_Data for the task_

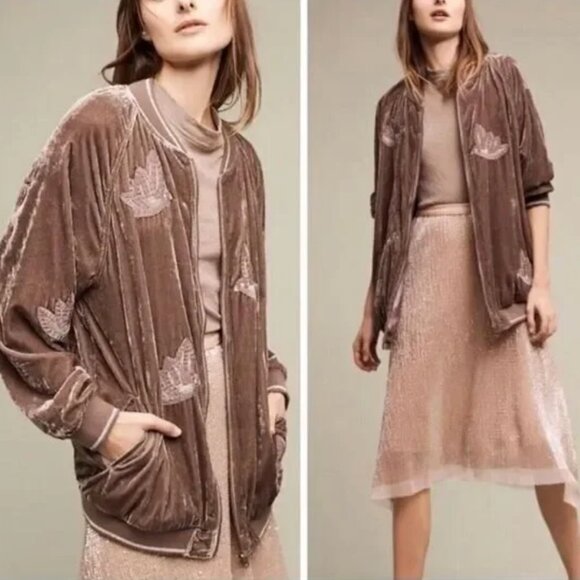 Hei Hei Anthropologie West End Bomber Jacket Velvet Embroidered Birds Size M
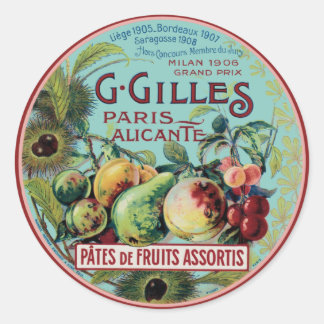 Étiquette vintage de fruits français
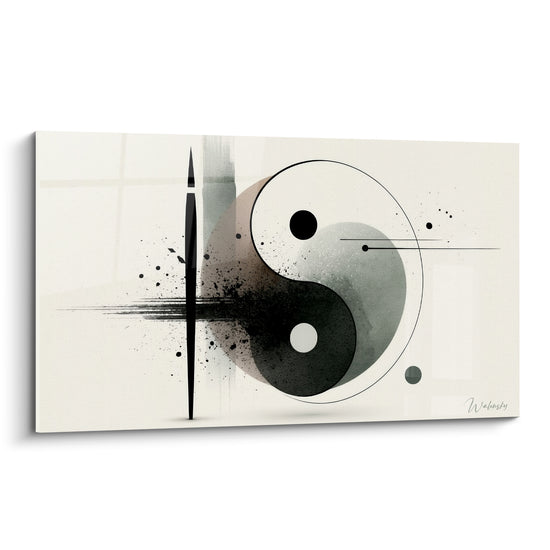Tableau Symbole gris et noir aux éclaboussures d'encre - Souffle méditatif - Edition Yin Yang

---

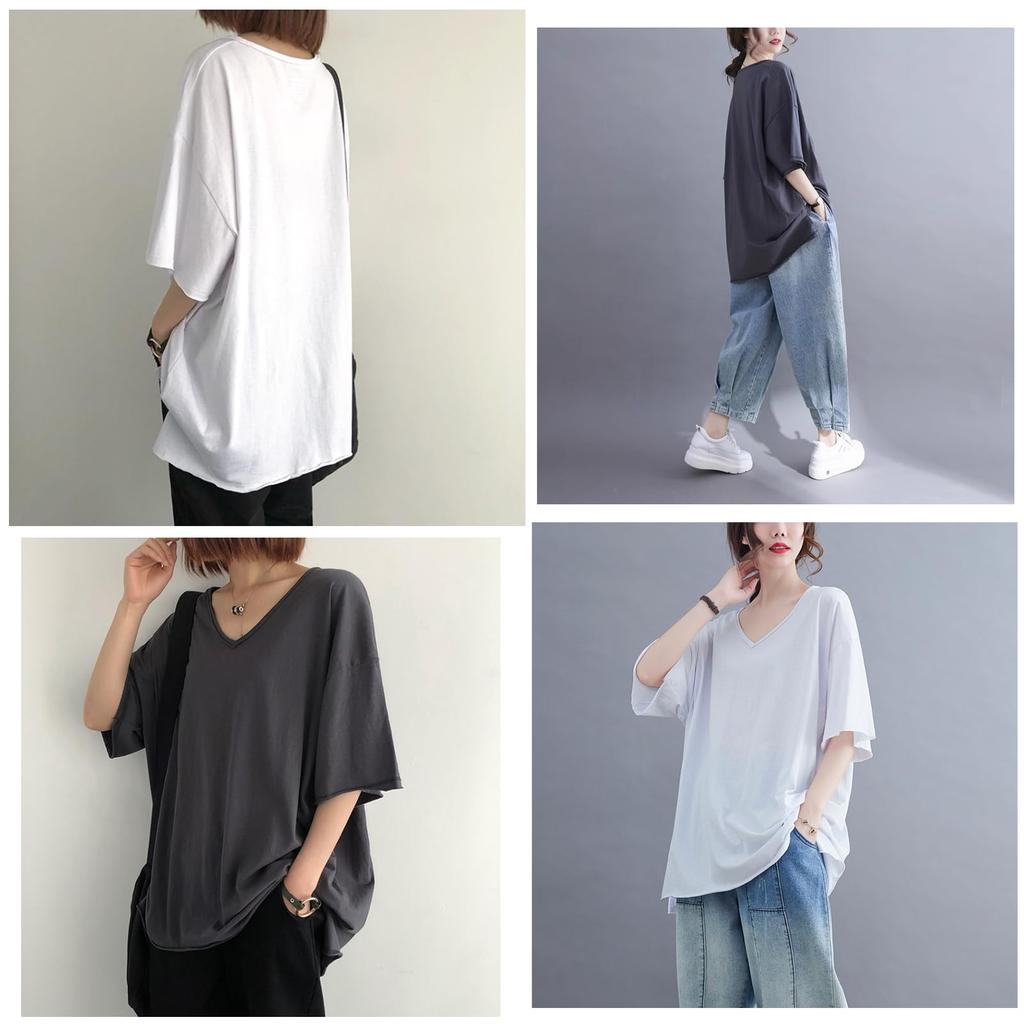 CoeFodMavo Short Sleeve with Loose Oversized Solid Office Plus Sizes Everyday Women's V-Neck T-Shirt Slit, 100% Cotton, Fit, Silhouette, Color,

_Problem_
Using the data above, output the line that has "Hei Hei Anthropologie", the line that has "Tableau Symbole gris", and whatever lines fall between, each exactly as it stands and without pictures.

_Solution_
 Hei Hei Anthropologie West End Bomber Jacket Velvet Embroidered Birds Size M
 Étiquette vintage de fruits français
Tableau Symbole gris et noir aux éclaboussures d'encre - Souffle méditatif - Edition Yin Yang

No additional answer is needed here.